タレントの中居正広によるスキャンダルで渦中のフジテレビが、同じく時間無制限の記者会見を今年1月27日に行い、こちらは10時間半にも及ぶ超ロングランのものになった。あまたある記者会見の中には、都合の悪い質問や回答が出ると、司会者が「そろそろ終わらせていただきます」と半ば強引にぶった切ってしまうものがある。フジテレビの場合はそれよりマシだが、昨今は時間無制限がトレンドになりつつあるのか。会見する側も取材する側もご苦労なことである。

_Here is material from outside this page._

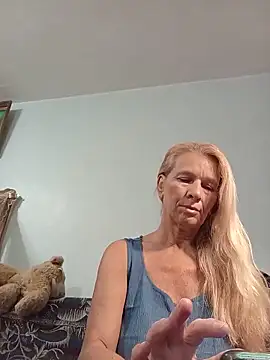 Snapshot of ViktoriaSexi1 chatting on 05/12/26, 06:36 ViktoriaSexi1 online show from 05/12/26, 06:36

維新の会見では新聞やテレビ、週刊誌といった既存のマスコミのほか、フリーランスのジャーナリストやネットメディアなど約50名が参加した。中には県知事選でボランティアとして斎藤元彦を支援し、いまもX(旧・ツイッター) などで斎藤応援団として著名な人物までが参加。堂々と質問までしていた。他にも、明らかに政治的な偏向が見られるネットニュースの個人経営者や、昨年の衆院選で関東地方から日本維新の候補として出馬し、落選した女性まで参加していた。いずれも肩書は「ジャーナリスト」「報道関係者」だったようだが、今回のように記者、ジャーナリストとして何の実績もない人物が参加できる記者会見も珍しい。いや、珍しいというよりも聞いたことがない。
「記者会見」とは、プロの記者が出席するから記者会見なのだ。記事や論評を書くことと無縁な素人サンが参加できる会見を記者会見と呼んでいいのか疑問である。たまに自治体や政治団体などが小中学生に記者会見を経験させることがあるが、あれは教育の一環であり、あくまでも模擬会見にすぎない。